Transcribe the records that follow in their entirety, omitting any pictures.

### SOURCE MATERIAL ###

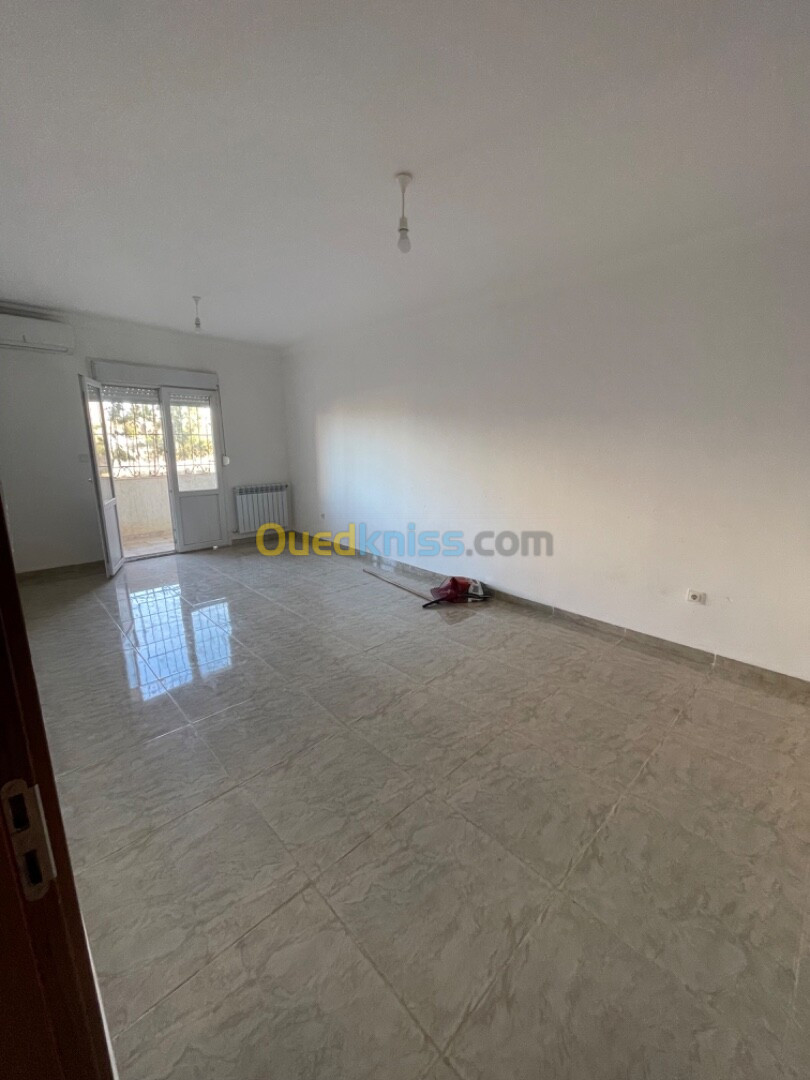 Location Appartement F5 Alger Mahelma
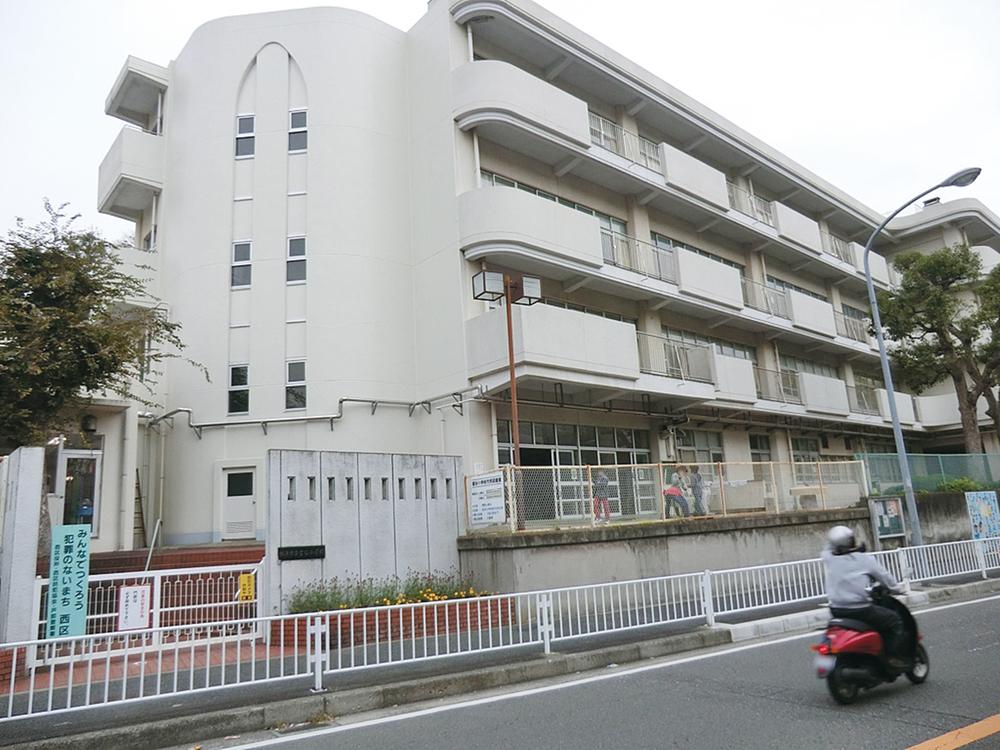 Primary school. 447m to Yokohama Municipal Miyatani Elementary School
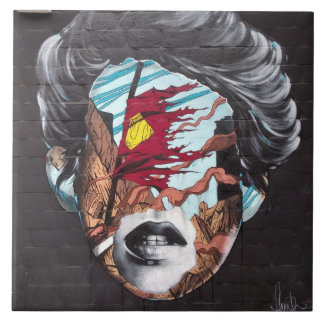 女性の頭部を描いたグラフィティ・タイル タイル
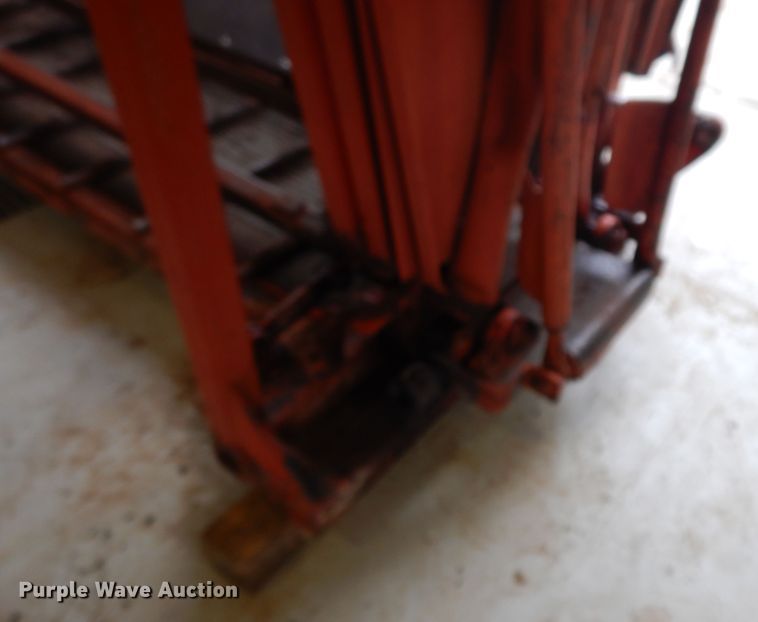 image for item GK9649 Linn Cattle Care squeeze chute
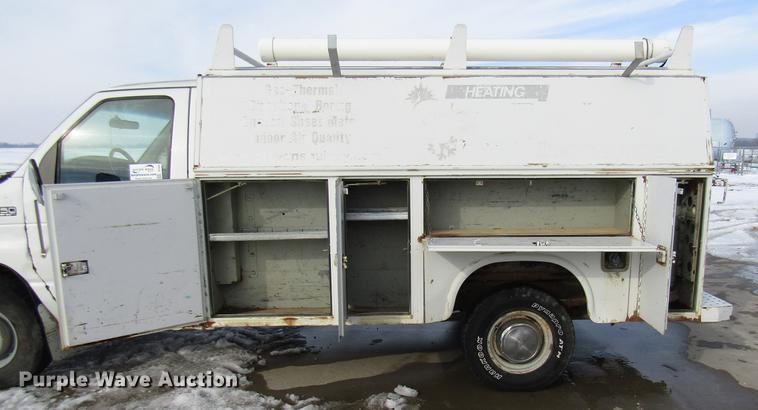 image for item DE5942 2000 Ford Econoline E350 Super Duty utility van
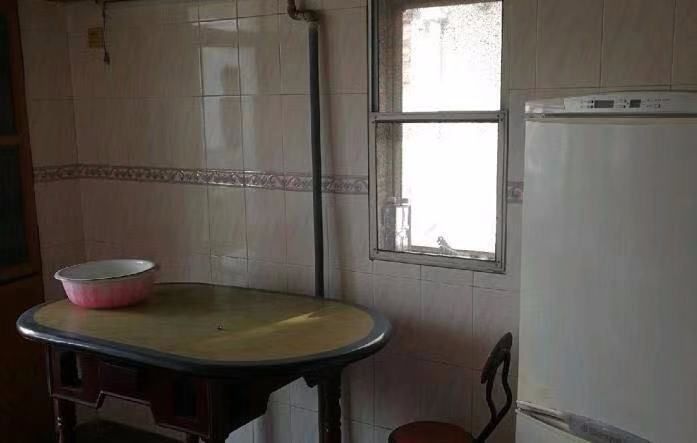 濠西园中北小区 4室1厅1卫 89.98m&sup2;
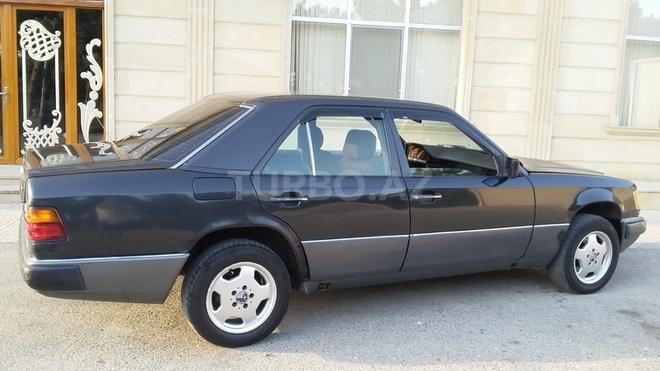 Mercedes E 200 1992, 285,000 km - 2.0 l - Bakı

###

▶ [SOLUTION FOR THIS EXERCISE]:
 Location Appartement F5 Alger Mahelma
 Primary school. 447m to Yokohama Municipal Miyatani Elementary School
 女性の頭部を描いたグラフィティ・タイル タイル
 image for item GK9649 Linn Cattle Care squeeze chute
 image for item DE5942 2000 Ford Econoline E350 Super Duty utility van
 濠西园中北小区 4室1厅1卫 89.98m&sup2;
 Mercedes E 200 1992, 285,000 km - 2.0 l - Bakı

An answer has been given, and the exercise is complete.